Against this background, the CIC is closely following developments surrounding the 2020-2021 Tahr Control Operational Plan, including concerns about the data underpinning the management decisions in the plan, the proposed levels of culling, and the degree to which stakeholders were consulted in the lead up to the plan’s approval on 30 June 2020.
On 10 July 2020, the New Zealand High Court ruled – in a case entitled ‘The New Zealand Tahr Foundation Incorporated v The Minister of Conservation’ – that the 2020-2021 tahr operational plan approved by the New Zealand Department of Conservation (DoC) was in breach of the applicant’s (New Zealand Tahr Foundation) legitimate expectation of appropriate consultation. The High Court ruled that the applicant had a legitimate expectation of meaningful consultation and that there was partial inadequacy by the respondent (Minister of Conservation) in meeting that expectation.
While the Decision on the operational plan was not quashed, it was referred back to DoC for reconsideration and further consultation. As part of the ruling, reduced limits were imposed on aspects of the 2020-2021 plan until further consultation was held. This meant that DoC could only undertake half of the 250 helicopter hours set out in the 2020-2021 operational plan that they had approved.
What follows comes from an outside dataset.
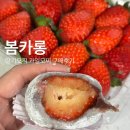 열정과일 | 2025년 :: 봄카롱 딸기모찌 과일모찌 구매후기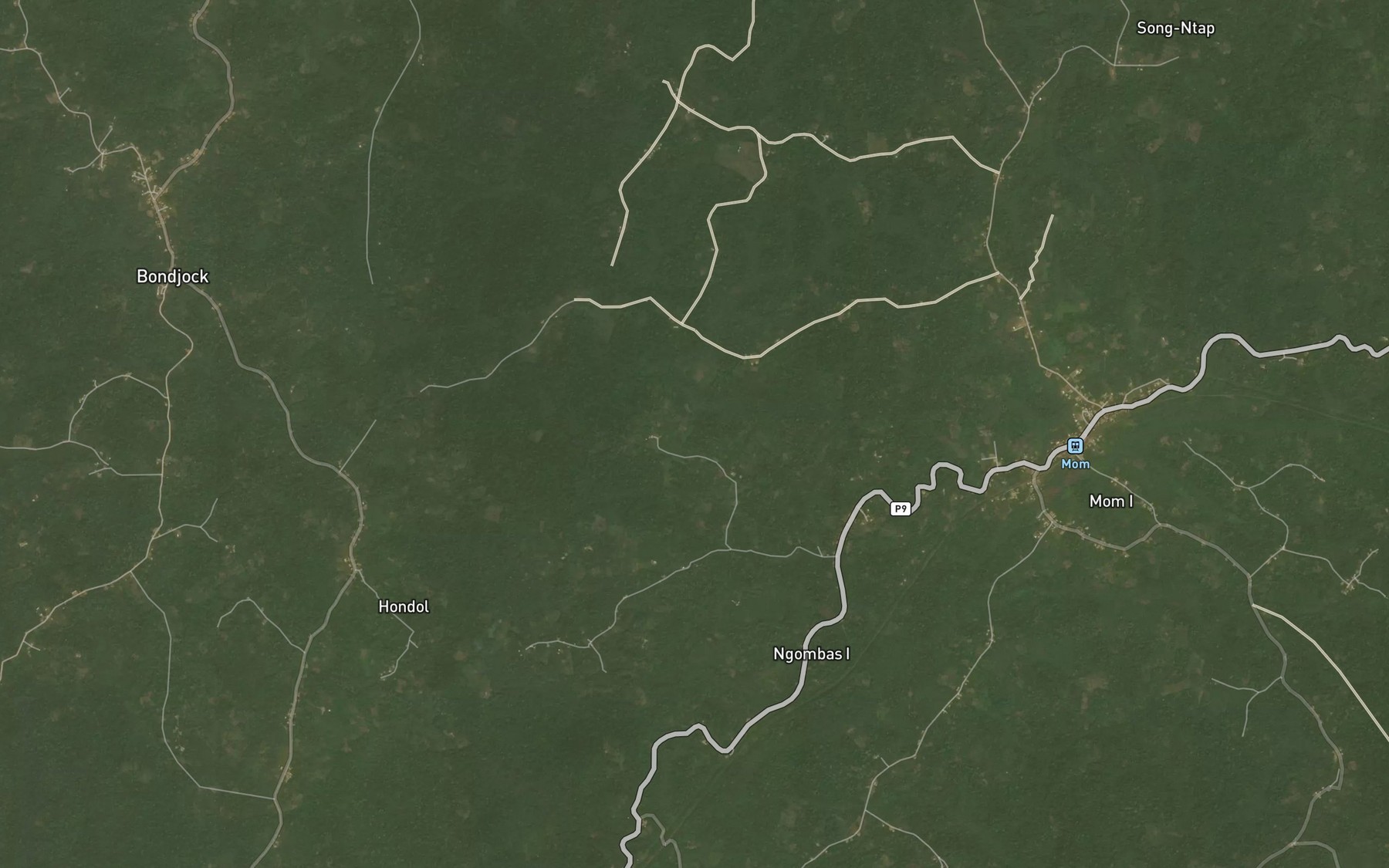 Satellite map of the Yamakouba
This High Court ruling highlights a crucial principle in the management of any game species – whether native or introduced, threatened or abundant – that of meaningful stakeholder consultation. The New Zealand hunting community, which represents the interests of far more than just recreational hunters and guides, is a crucial stakeholder in the management of tahr populations in New Zealand.
In addition to meaningful consultations, any operational plan of this nature must be underpinned by sound, up-to-date population monitoring data. Such data should underpin the management of any game species, regardless of where it is located. In this regard, the CIC welcomes the provisions under the 2020-2021 operational plan for determining the research and monitoring requirements for tahr populations. This is a first step, and the CIC hopes that it will quickly lead to appropriate research and monitoring being implemented. This is something that is needed sooner rather than later in order to inform management decisions.
While the CIC would normally urge for culling to be avoided where possible, it recognises that it can be a necessary tool to keep wildlife populations in check and to help minimise human-wildlife conflict or other damages, including to native fauna and flora. However, any culling program must be based on accurate and up-to-date data, ongoing monitoring, and the result of meaningful consultation with all relevant stakeholders.